Published November 21, 2009 11:57 pm - City leaders are taking a proactive approach to combating violence in the community. At Thursday night’s Valdosta City Council meeting, the council approved the organization of a Community Task Force on Violence.
Combating violence
By Johnna Pinholster
The Valdosta Daily Times
VALDOSTA — City leaders are taking a proactive approach to combating violence in the community.
At Thursday night’s Valdosta City Council meeting, the council approved the organization of a Community Task Force on Violence.
Tonight at 7 p.m. Serenity Christian Church on 1619 Lee St. will hold a forum with area youth discussing the issues they are facing.
The time to take a proactive approach, many feel, is now.
Mayor John Fretti said many of the resources are already in place for outreach, but they need to be highlighted more.
D.A.R.E., neighborhood watch programs, school resource officers at the schools, after-school programs, the Boys and Girls Club and the Lowndes Drug Action Council are just some of the programs that offer services, he said.
“All those things are intended to be outreach and education and intervention,” Fretti said. “But some of these youths, they are not going to go, they are not going to listen. These agencies are a punchline to some of these kids that have been raised by thugs.”
Getting character and personal respect messages out into the community could be a direction to go in, he said.
“From bill boards to downtown banners to Twitter and Facebook,” he said. “Whatever gets it to them, even if it’s little posters on the side of the walls of where they hang out.”
They need to see that they matter and others care about their future, Fretti said.
The reason behind the task force is that there is only so much the city government can do, City Manager Larry Hanson said.
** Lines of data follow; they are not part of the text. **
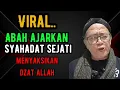 Lagu Viral...! Abah ajarkan syahadat sejati menyaksikan dzat Allah 🔴Abah Setu #tauhid #shorts 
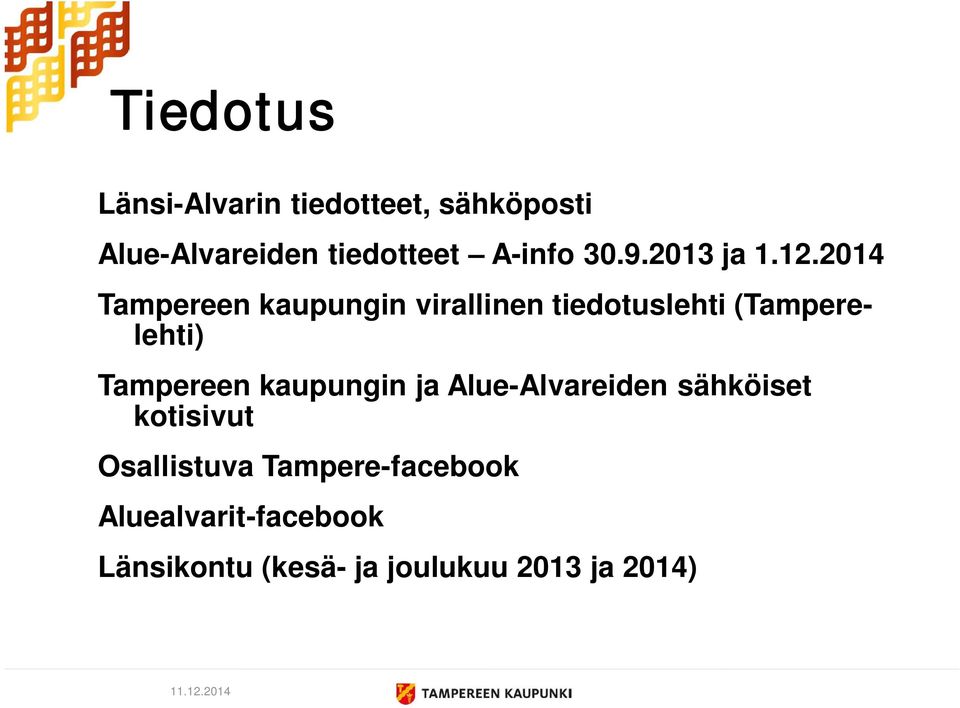 2014 Tampereen kaupungin virallinen tiedotuslehti (Tamperelehti) Tampereen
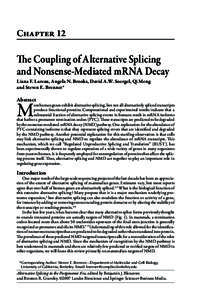 Chapter 12  The Coupling of Alternative Splicing and Nonsense‑Mediated mRNA Decay Liana F. Lareau, Angela N. Brooks, David A.W. Soergel, Qi Meng and Steven E. Brenner*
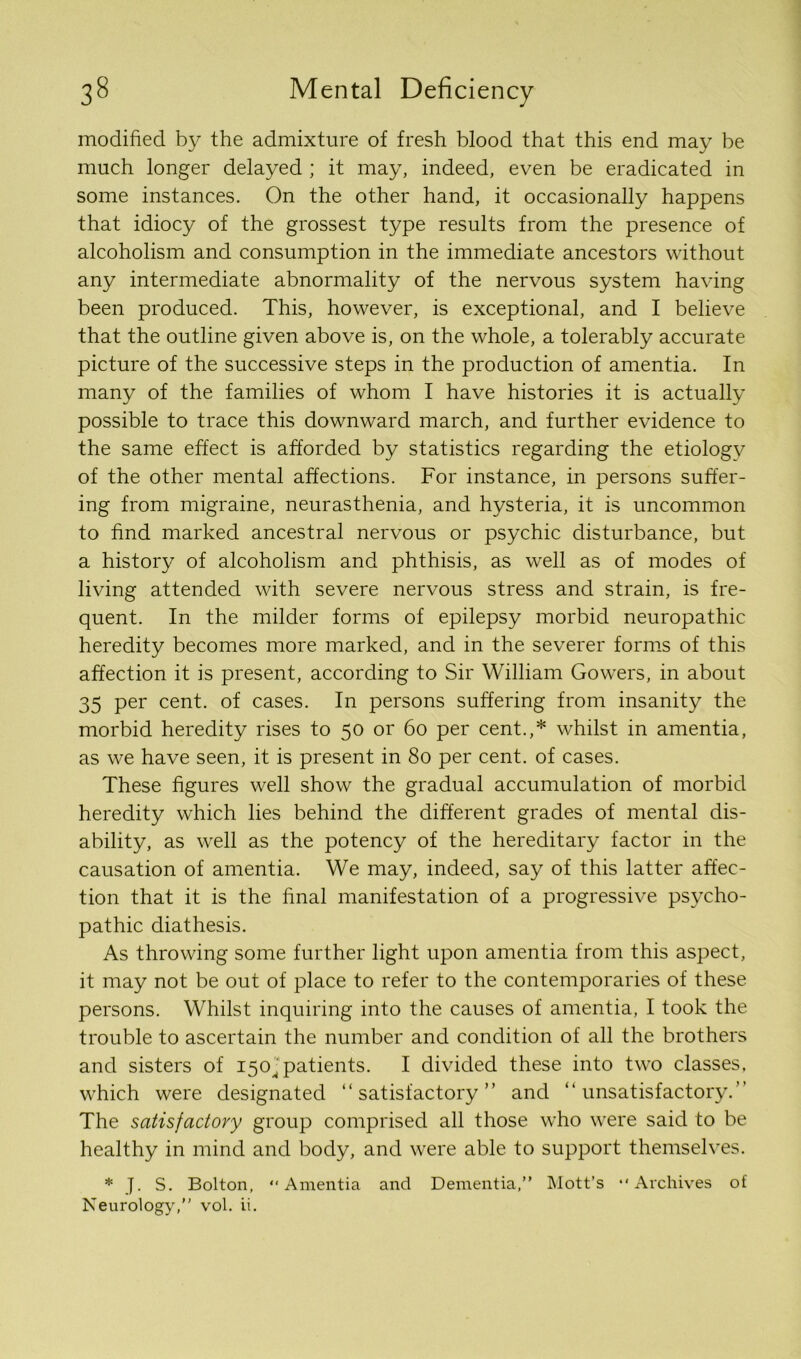 modified by the admixture of fresh blood that this end may be much longer delayed ; it may, indeed, even be eradicated in some instances. On the other hand, it occasionally happens that idiocy of the grossest type results from the presence of alcoholism and consumption in the immediate ancestors without any intermediate abnormality of the nervous system having been produced. This, however, is exceptional, and I believe that the outline given above is, on the whole, a tolerably accurate picture of the successive steps in the production of amentia. In many of the families of whom I have histories it is actually possible to trace this downward march, and further evidence to the same effect is afforded by statistics regarding the etiology of the other mental affections. For instance, in persons suffer- ing from migraine, neurasthenia, and hysteria, it is uncommon to find marked ancestral nervous or psychic disturbance, but a history of alcoholism and phthisis, as well as of modes of living attended with severe nervous stress and strain, is fre- quent. In the milder forms of epilepsy morbid neuropathic heredity becomes more marked, and in the severer forms of this affection it is present, according to Sir William Gowers, in about 35 per cent, of cases. In persons suffering from insanity the morbid heredity rises to 50 or 60 per cent.,* whilst in amentia, as we have seen, it is present in 80 per cent, of cases. These figures well show the gradual accumulation of morbid heredity which lies behind the different grades of mental dis- ability, as well as the potency of the hereditary factor in the causation of amentia. We may, indeed, say of this latter affec- tion that it is the final manifestation of a progressive psycho- pathic diathesis. As throwing some further light upon amentia from this aspect, it may not be out of place to refer to the contemporaries of these persons. Whilst inquiring into the causes of amentia, I took the trouble to ascertain the number and condition of all the brothers and sisters of 150^ patients. I divided these into two classes, which were designated “satisfactory” and “unsatisfactory.” The satisfactory group comprised all those who were said to be healthy in mind and body, and were able to support themselves. * J. S. Bolton, “Amentia and Dementia,” Mott’s “Archives of Neurology,” vol. ii.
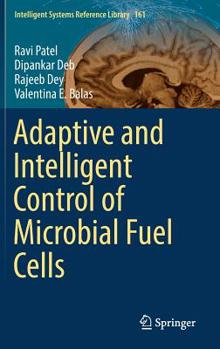 Hardcover Adaptive and Intelligent Control of Microbial Fuel Cells Book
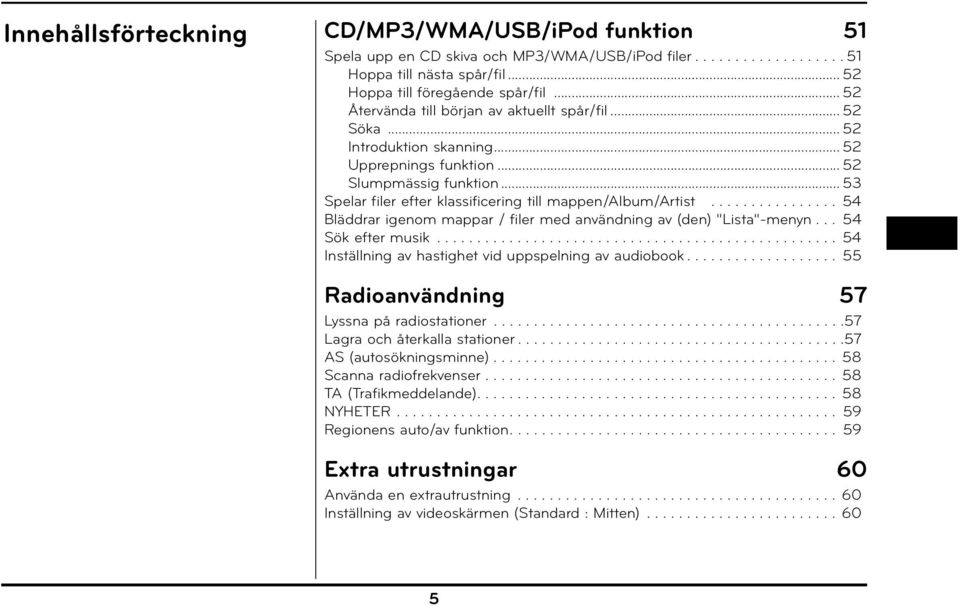 .. 53 Spelar filer efter klassificering till mappen/album/artist................ 54 Bläddrar igenom mappar / filer med användning av (den) "Lista"-menyn... 54 Sök efter musik.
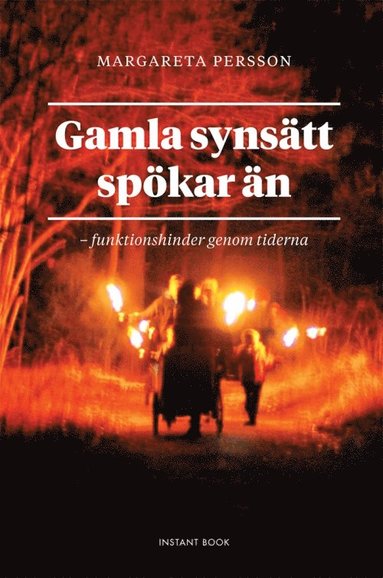 bokomslag Gamla synsätt spökar än - funktionshinder genom tiderna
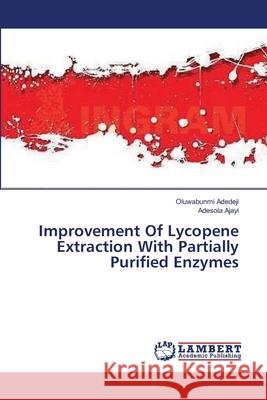 Improvement Of Lycopene Extraction With Partially Purified Enzymes Adedeji, Oluwabunmi 9783659391972 LAP Lambert Academic Publishing - książka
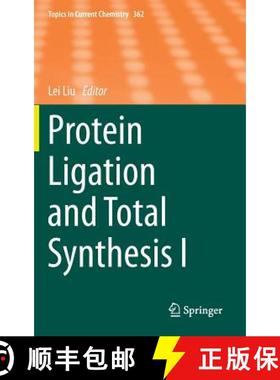 【3-4周达】Protein Ligation and Total Synthesis I [9783319191850]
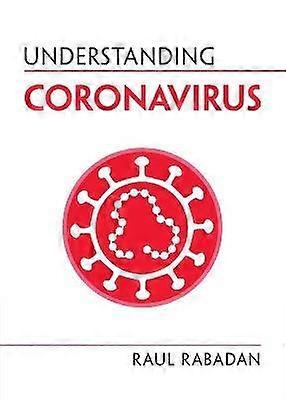 Understanding Coronavirus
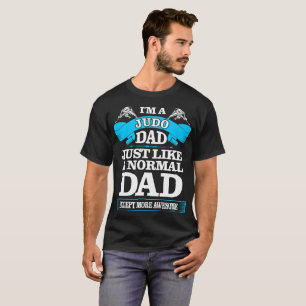 Judo-Vater mögen normalen Vater ausgenommen T-Shirt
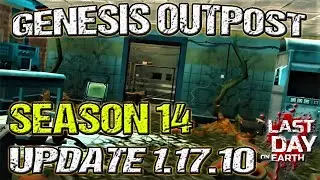 GENESIS OUTPOST - SEASON 14 - Last Day On Earth - LDOE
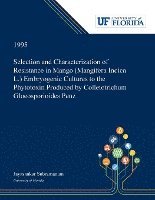 Jayasankar Subramanian - Selection and Characterization of Resistance in Mango (Mangifera Indica L.) Embryogenic Cultures to the Phytotoxin Produced by Colletotrichum Gloeosporioides Penz, Häftad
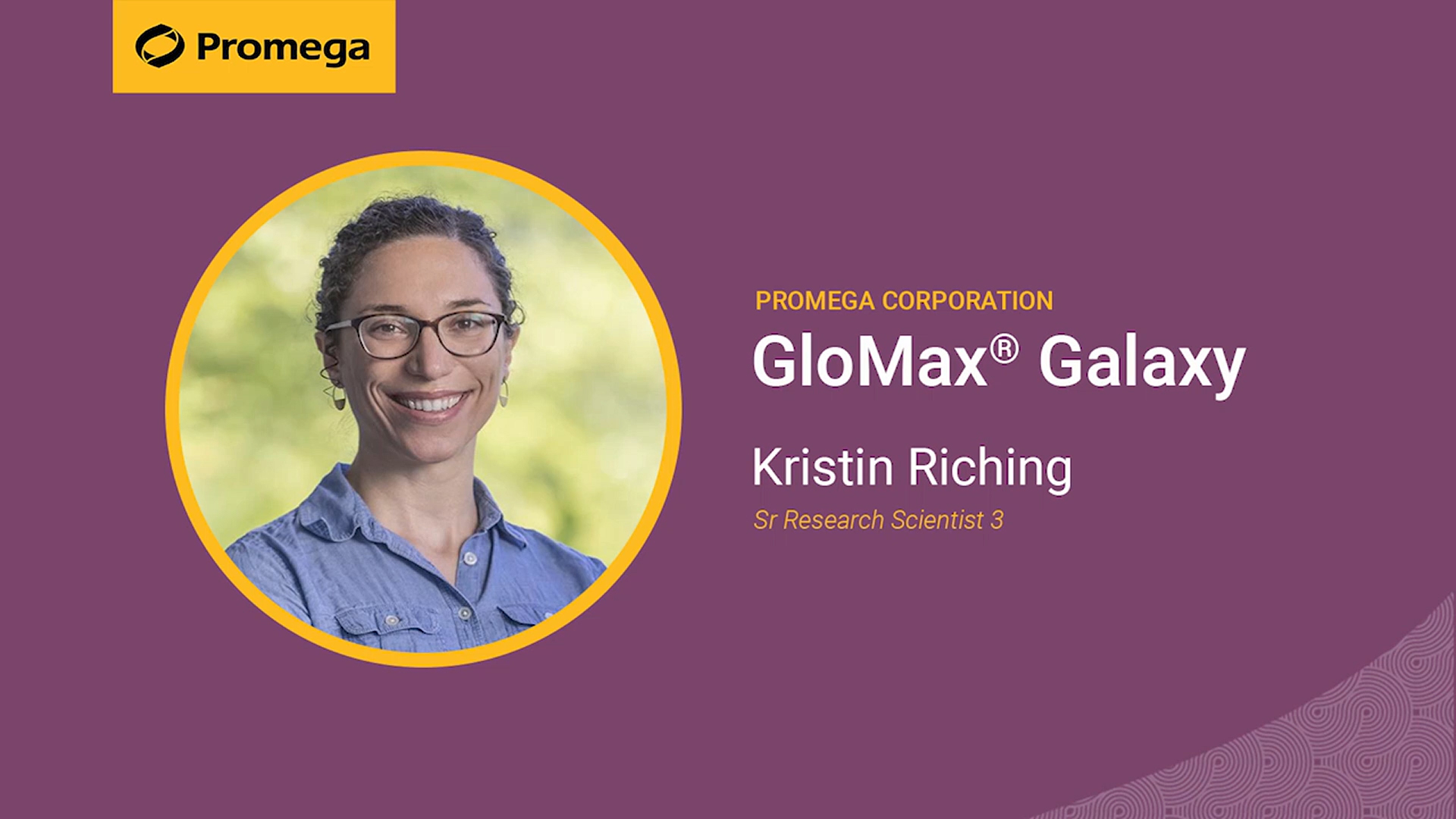 Research Scientist Kristin Riching discusses how the GloMax® Galaxy Bioluminescence Imager allows her to visualize low-abundance protein targets.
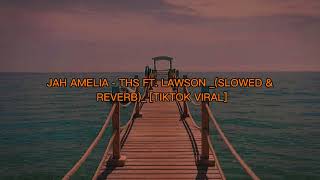 JAH AMELIA - THS FT. LAWSON _(SLOWED+REVERB)_ [TIKTOK VIRAL]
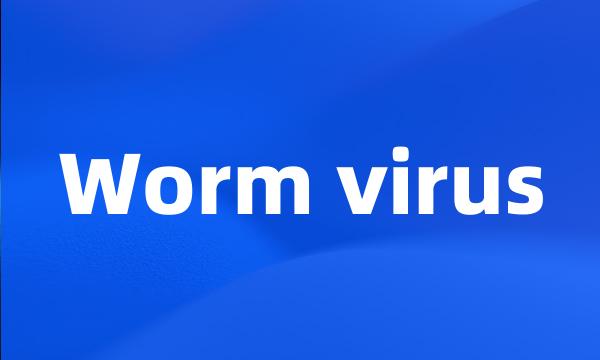 Worm virus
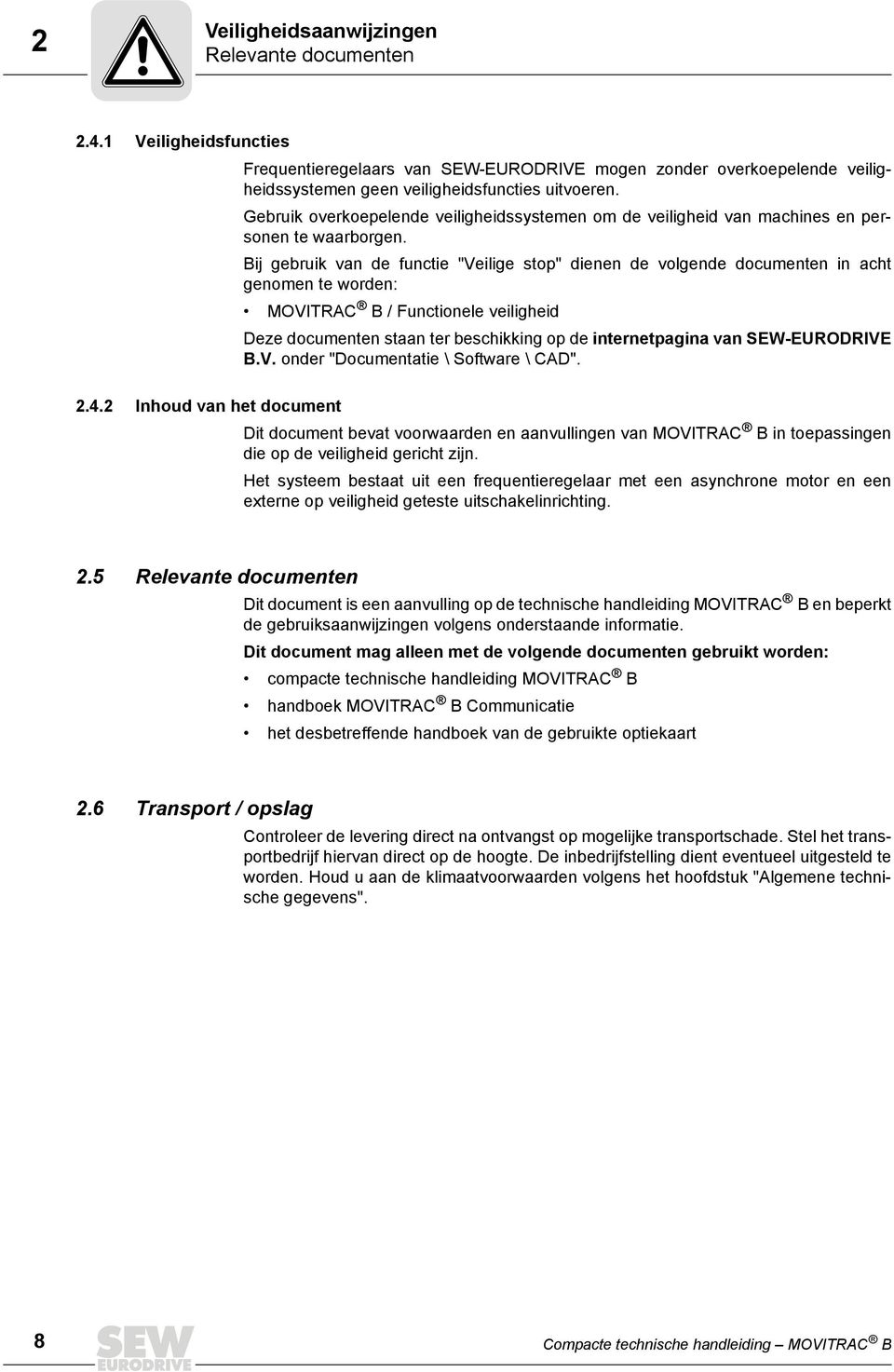 Bij gebruik van de functie "Veilige stop" dienen de volgende documenten in acht genomen te worden: MOVITRAC B / Functionele veiligheid Deze documenten staan ter beschikking op de internetpagina van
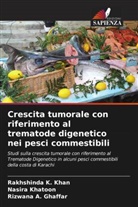 Rizwana A. Ghaffar, Rakhshinda K. Khan, Nasira Khatoon - Crescita tumorale con riferimento al trematode digenetico nei pesci commestibili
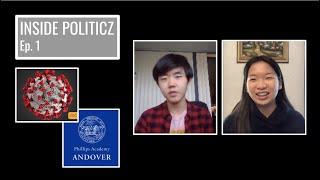 HS Senior on Coronavirus & Relevant Policies (ft. Samson Zhang) | Inside Politicz #1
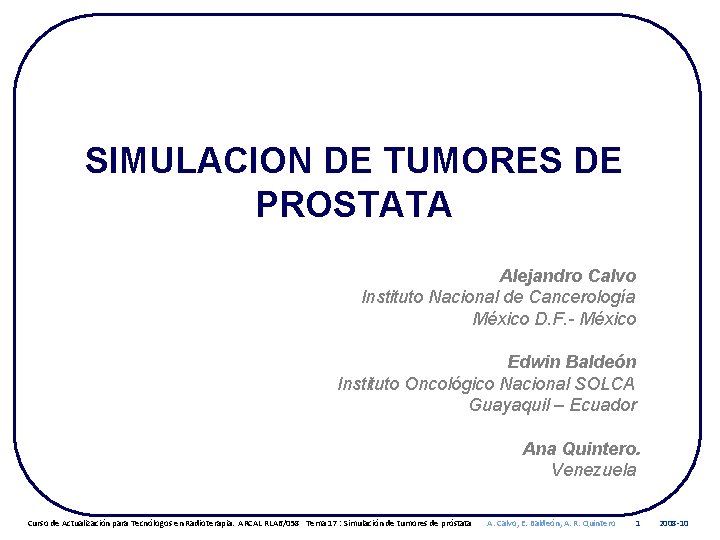 SIMULACION DE TUMORES DE PROSTATA Alejandro Calvo Instituto Nacional de Cancerología México D. F.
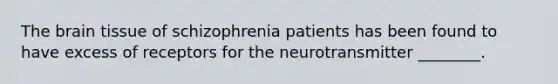 The brain tissue of schizophrenia patients has been found to have excess of receptors for the neurotransmitter ________.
“It’s got to begin with families and parents and schools and church,” Hanson said. “It’s not any single entity that can perform that service.”
Sixty percent of the city’s $30 million general fund budget is committed to support the Valdosta Police Department. At the first of the year stimulus, funds will provide the police department with seven additional police officers.
To succeed in apprehending those who do commit violent crime, law enforcement needs the help of the community, Hanson said.
“There is rarely a violent crime that is committed that people don’t know or have some knowledge of in advance or certainly know as it is occurring,” Hanson said. “But that message is not being communicated and the public has to be part of the solution.